We convert the edge list into a NetworkX `DiGraph`, a directed graph (i.e., each edge may only be traversed in the specified direction). 

(In practice, almost all transit networks are undirected; that is, if you can take transit from stop X to stop Y, you can probably also travel from stop Y to stop X. But, formally speaking, this is often not the case, especially for bus transit systems where the stop_id of a northbound stop may differ from that of the southbound stop across the street. By sticking to a directed graph, we handle this possible situation robustly.)
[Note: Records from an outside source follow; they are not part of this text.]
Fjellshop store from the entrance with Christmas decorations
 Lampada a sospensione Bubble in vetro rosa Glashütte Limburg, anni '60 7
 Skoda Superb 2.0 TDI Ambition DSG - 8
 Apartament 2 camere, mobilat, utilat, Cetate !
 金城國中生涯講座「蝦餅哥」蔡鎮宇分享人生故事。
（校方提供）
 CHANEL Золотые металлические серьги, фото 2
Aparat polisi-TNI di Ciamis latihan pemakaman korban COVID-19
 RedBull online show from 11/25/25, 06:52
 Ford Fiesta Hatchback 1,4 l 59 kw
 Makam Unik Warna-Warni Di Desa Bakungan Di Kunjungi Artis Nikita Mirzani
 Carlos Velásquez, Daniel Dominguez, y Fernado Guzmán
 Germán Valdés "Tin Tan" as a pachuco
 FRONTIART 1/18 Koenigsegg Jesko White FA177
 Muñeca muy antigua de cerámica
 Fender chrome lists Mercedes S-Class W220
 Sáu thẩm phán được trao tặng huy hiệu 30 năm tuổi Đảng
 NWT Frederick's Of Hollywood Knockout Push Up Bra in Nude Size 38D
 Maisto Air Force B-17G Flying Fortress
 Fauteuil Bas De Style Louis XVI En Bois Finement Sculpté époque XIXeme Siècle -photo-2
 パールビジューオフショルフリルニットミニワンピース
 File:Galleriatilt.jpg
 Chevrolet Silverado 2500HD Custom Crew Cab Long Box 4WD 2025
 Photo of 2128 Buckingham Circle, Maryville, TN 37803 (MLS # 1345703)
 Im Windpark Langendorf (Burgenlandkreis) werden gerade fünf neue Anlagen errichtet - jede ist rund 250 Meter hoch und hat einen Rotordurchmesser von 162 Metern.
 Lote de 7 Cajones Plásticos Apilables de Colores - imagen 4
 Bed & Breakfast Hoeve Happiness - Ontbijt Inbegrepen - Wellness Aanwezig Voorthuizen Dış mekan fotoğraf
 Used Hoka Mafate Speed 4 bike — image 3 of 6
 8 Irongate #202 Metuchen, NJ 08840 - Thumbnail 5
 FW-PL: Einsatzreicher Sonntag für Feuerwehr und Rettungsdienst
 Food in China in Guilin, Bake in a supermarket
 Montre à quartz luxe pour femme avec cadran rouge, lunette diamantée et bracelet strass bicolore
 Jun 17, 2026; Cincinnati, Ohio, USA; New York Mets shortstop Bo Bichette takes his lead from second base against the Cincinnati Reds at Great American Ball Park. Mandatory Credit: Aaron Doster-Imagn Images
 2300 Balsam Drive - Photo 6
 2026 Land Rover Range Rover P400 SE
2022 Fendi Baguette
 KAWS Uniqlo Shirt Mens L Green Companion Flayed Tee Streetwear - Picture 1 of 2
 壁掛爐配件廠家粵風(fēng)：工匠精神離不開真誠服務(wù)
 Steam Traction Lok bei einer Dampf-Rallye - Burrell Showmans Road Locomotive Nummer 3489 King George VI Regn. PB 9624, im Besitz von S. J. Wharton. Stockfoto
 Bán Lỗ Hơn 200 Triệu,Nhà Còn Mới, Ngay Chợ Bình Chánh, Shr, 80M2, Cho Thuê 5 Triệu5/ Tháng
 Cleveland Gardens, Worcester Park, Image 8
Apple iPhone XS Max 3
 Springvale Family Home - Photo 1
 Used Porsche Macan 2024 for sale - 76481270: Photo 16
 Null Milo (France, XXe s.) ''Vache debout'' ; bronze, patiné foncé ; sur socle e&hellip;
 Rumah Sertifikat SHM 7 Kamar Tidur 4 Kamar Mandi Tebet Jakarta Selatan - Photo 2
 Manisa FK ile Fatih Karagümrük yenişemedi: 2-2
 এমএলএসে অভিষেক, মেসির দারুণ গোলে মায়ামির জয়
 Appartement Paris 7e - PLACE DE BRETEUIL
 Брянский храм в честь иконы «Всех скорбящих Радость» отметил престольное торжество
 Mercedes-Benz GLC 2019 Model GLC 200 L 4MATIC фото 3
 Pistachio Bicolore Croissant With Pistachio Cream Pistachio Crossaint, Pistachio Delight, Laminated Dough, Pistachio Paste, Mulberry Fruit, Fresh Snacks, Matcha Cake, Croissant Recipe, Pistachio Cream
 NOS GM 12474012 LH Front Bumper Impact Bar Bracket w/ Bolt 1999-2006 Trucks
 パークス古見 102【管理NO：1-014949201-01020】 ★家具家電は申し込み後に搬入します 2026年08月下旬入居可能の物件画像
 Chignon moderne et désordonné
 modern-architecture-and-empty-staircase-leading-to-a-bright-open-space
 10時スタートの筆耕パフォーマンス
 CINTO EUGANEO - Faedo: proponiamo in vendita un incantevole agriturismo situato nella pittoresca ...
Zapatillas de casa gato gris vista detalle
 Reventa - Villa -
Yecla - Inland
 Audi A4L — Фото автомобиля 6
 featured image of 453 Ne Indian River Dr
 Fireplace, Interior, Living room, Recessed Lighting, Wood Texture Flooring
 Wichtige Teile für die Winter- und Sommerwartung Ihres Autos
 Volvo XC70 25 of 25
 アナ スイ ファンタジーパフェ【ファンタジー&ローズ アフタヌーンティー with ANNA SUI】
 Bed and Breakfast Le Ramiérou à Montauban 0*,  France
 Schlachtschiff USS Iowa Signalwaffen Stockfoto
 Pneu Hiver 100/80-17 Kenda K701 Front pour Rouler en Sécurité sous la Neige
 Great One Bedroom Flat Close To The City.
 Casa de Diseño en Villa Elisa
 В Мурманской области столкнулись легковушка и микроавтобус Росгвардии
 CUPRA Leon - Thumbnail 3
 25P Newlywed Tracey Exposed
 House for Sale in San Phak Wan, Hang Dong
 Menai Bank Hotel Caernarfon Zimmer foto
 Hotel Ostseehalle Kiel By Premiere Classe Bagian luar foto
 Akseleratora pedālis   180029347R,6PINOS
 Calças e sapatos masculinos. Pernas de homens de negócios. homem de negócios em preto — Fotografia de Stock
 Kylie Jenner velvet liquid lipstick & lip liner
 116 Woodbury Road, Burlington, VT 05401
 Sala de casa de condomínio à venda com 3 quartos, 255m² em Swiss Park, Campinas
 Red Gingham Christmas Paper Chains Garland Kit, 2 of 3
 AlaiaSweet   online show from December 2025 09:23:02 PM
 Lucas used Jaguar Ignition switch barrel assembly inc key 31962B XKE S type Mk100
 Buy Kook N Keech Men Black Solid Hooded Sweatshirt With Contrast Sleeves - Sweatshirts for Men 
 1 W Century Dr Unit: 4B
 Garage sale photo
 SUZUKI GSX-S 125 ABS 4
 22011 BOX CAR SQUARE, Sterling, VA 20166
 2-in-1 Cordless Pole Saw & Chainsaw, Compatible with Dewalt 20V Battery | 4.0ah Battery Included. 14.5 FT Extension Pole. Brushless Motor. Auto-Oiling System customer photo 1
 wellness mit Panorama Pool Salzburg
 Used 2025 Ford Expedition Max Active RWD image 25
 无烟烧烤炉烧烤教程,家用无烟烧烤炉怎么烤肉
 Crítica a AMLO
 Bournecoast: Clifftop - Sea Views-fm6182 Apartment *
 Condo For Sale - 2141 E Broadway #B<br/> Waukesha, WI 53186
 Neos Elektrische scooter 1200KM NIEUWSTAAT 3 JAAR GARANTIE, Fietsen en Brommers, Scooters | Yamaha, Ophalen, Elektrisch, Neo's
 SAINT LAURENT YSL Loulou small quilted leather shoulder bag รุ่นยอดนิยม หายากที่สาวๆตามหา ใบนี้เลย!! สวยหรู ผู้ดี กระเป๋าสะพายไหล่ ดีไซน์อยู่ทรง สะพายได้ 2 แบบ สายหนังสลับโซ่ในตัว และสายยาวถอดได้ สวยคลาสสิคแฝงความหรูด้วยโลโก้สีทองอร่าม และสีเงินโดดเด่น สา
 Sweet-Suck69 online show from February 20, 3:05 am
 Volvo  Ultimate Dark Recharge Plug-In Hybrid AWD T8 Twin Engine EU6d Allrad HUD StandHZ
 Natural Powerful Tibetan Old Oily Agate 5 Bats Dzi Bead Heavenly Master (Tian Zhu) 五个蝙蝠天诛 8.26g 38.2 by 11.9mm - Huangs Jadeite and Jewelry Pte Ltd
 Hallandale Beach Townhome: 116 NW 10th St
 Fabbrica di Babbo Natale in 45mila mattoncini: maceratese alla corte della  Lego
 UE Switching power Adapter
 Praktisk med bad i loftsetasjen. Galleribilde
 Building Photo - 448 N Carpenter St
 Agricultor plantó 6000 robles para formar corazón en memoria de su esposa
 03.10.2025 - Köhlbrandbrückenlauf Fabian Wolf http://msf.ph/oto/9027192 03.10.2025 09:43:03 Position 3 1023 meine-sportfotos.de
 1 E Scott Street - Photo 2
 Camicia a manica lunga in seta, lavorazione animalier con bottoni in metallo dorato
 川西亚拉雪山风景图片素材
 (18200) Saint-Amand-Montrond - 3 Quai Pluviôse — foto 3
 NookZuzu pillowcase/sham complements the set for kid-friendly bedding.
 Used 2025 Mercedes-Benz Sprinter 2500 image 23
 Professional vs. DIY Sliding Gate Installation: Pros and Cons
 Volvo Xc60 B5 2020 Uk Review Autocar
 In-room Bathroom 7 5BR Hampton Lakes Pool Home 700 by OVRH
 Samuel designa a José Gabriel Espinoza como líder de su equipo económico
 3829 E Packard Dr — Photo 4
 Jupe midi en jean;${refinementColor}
NetworkX includes a great `shortest_path()` function that returns the shortest path between a pair of nodes, or, if origin and destination nodes are left unspecified, returns the shortest path between *all* pairs of nodes in a graph. 

In [14]:
G = nx.DiGraph(edge_list)
paths = nx.shortest_path(G)

In [15]:
# That was too easy! Did it really work? We inspect a relatively complicated path
# (one that would require at least two transfers in the real world). It works!
paths['OAKL']['ANTC']

['OAKL',
 'COLS',
 'FTVL',
 'LAKE',
 '12TH',
 '19TH',
 'MCAR',
 'ROCK',
 'ORIN',
 'LAFY',
 'WCRK',
 'PHIL',
 'CONC',
 'NCON',
 'PITT',
 'PCTR',
 'ANTC']

## Convert paths into a table of OD pair/edge correspondences

Our task now is similar to before, when we needed to convert lists of nodes corresponding to key trips into a set of from_stop/to_stop pairs. Now we take each o_stop/d_stop pair and associate it with each edge that its shortest path traverses. The result is a DataFrame onto which we can join OD volume data in order to sum up total passenger load on each edge.

In [16]:
rows = []

for o_stop, v in paths.items():
    for d_stop, path in v.items():
        if len(path) > 1: # Skip same-stop OD pairs
            from_stops = pd.Series(path)
            to_stops = from_stops.shift(-1)
            trip_rows = pd.concat([from_stops, to_stops], axis=1).dropna()
            trip_rows['o_stop'] = o_stop
            trip_rows['d_stop'] = d_stop
            rows.append(trip_rows)
        
df = pd.concat(rows)
df.columns = ['from_stop', 'to_stop', 'o_stop', 'd_stop']
# Create an edge_id column that we can use for convenient groupby and join operations
df['edge_id'] = df['from_stop'].astype(str) + '_' + df['to_stop'].astype(str)
df = df[['o_stop', 'd_stop', 'from_stop', 'to_stop', 'edge_id']] # Reorder columns
df

Unnamed: 0,o_stop,d_stop,from_stop,to_stop,edge_id
0,DALY,BALB,DALY,BALB,DALY_BALB
0,DALY,COLM,DALY,COLM,DALY_COLM
0,DALY,GLEN,DALY,BALB,DALY_BALB
1,DALY,GLEN,BALB,GLEN,BALB_GLEN
0,DALY,SSAN,DALY,COLM,DALY_COLM
...,...,...,...,...,...
12,OAKL,MLBR,BALB,DALY,BALB_DALY
13,OAKL,MLBR,DALY,COLM,DALY_COLM
14,OAKL,MLBR,COLM,SSAN,COLM_SSAN
15,OAKL,MLBR,SSAN,SBRN,SSAN_SBRN


In [17]:
# Let's just confirm that this worked correctly (it did)
df[df.o_stop.eq('ASHB') & df.d_stop.eq('OAKL')]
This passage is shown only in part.